SAS is a statistical tool that is frequently used in industry, as well as academia. It is especially well-suited to working with large data sets: many operations do not require the entire data set to be read into memory, so analysts are limited only by the size of their hard drive.

Although SAS has powerful tools for cleaning data and preparing it for analysis, users may find that other languages, such as Stata and R, make statistical analysis easier. The documentation for SAS is also harder to use than that of some other languages, such as Stata and Matlab.

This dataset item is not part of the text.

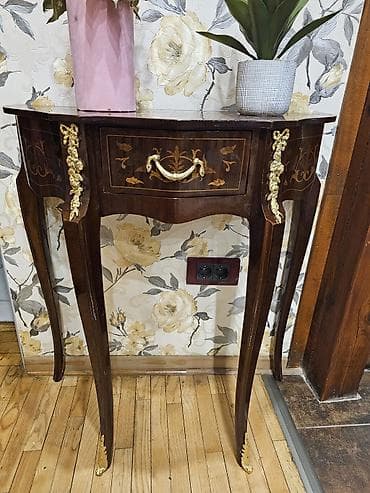 stilski namestaj prodaja: 𝐄𝐥𝐞𝐠𝐚𝐧𝐭𝐧𝐚 𝐬𝐭𝐢𝐥𝐬𝐤𝐚 𝐤𝐨𝐧𝐳𝐨𝐥𝐚 𝐬𝐚 𝐢𝐧𝐭𝐚𝐫𝐳𝐢𝐣𝐨𝐦 𝐢 𝐞𝐥𝐞𝐦𝐞𝐧𝐭𝐢𝐦𝐚 𝐩𝐨𝐳𝐥𝐚ć𝐞𝐧𝐞 𝐛𝐫𝐨𝐧𝐳𝐞 — 3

Example Code from Each Language

You can get a feel for different environments pretty quickly by looking at example code, although as with any language keep in mind that some things that may seem bizarre or foreign at first can become intuitive with some practice. Here, are code snippets for each language to: open a dataset from a file; create a new variable using existing variables; recode a variable; run a basic OLS regression, and run a slightly more complicated OLS regression. Since presumably you are reading this because you don't yet know these languages, don't worry too much if not everything makes sense -- these snippets are just provided to give you a glimpse of what the languages look like and how readable they are. Comments are included to explain a little of each step.

Stata

   * Open a dataset from a file: 
   use myDataFile.dta
   
   * Create new variable called age_squared equal to each person's age squared: 
   generate age_squared = age*age
   
   * Set variable youngMan values to 1 if male and under 25: 
   replace youngMan = 1 if gender == "male" & age < 25
       
   * Rename a variable from myVariable to myRenamedVariable: 
   rename myVariable myRenamedVariable
       
   * Run an OLS regression of income on age and height:
   regress income age height
    
  * Run an OLS regression of income and age and a categorical variable for level of education for men:
   xi: regress income age i.education if gender == "male"

R

A few examples of R commands:

   # Open a dataset from the file myfile.RData and name it myData: 
   myData <- load("myfile.RData") 
   
   # Create new variable called age_squared equal to each person's age squared: 
   myData$age_squared <- myData$age     # myData$age 
   
   # Set variable youngMan values to 1 if male and under 25: 
   myData$youngMan[gender == "male" & age < 25] <- 1 
   
   # Rename a variable from myVariable to myRenamedVariable: 
   myData <- rename(myData, c(myVariable="myRenamedVariable")) 
   
   # Run an OLS regression of income on age and height:
   olsResults <- lm(income ~ age + height, data = myData) 
   
   # Run an OLS regression of income and age and a categorical variable for level of education:
   myData$educationDummies <- factor(myData$education)
   myData_menOnly <- subset(myData, gender == "male")
   olsResults <- lm(income ~ age + educationDummies, data = myData_menOnly)

Python

A few Python commands (all from the pandas library):

   # Open a dataset from a file (pickle is a file format): 
   myData = pandas.read_pickle('myFile.pkl')
   
   # Create new variable called age_squared equal to each person's age squared: 
   myData['age_squared'] = myData['age'] * myData['age']
   
   # Set variable youngMan values to 1 if male and under 25: 
   myData.loc[(myData['gender'] == "male") & (myData['age'] < 25) ,'youngMan'] = 1
   
   # Rename a variable from myVariable to myRenamedVariable: 
   myData = myData.rename(columns = {'myVariable':'myRenamedVariable'})
   
   # Run an OLS regression of income and age and height:
   from pandas.stats.api import ols
   olsResults = ols(y=myData['income'], x=myData'age','height')
   
   # Run an OLS regression of income and age and a categorical variable for level of education for men:
   from pandas.stats.api import ols
   myData["educationDummies"] = df["education"].astype('category')
   myData_menOnly = myData.query('gender == "male"')
   olsResults = ols(y=myData_menOnly['income'], x=myData_menOnly[  [ 'age','educationDummies' ]  ])

Others

There are a number of other tools you may come across, like SPSS. As this author has limited experience with these tools (and has not found them to be used too frequently among colleagues), I leave this for later expansion.

Side-by-Side

Software Choices
Handles Dirty Data Strong Community Good for Econometrics Good for Other Uses Free?
R So-So Yes Yes Yes Yes
Stata Yes Yes Yes No No
Python / Pandas Yes Small but passionate Yes Yes Yes
Matlab No No Yes No No (But Octave is free)
SAS Yes No So-So No No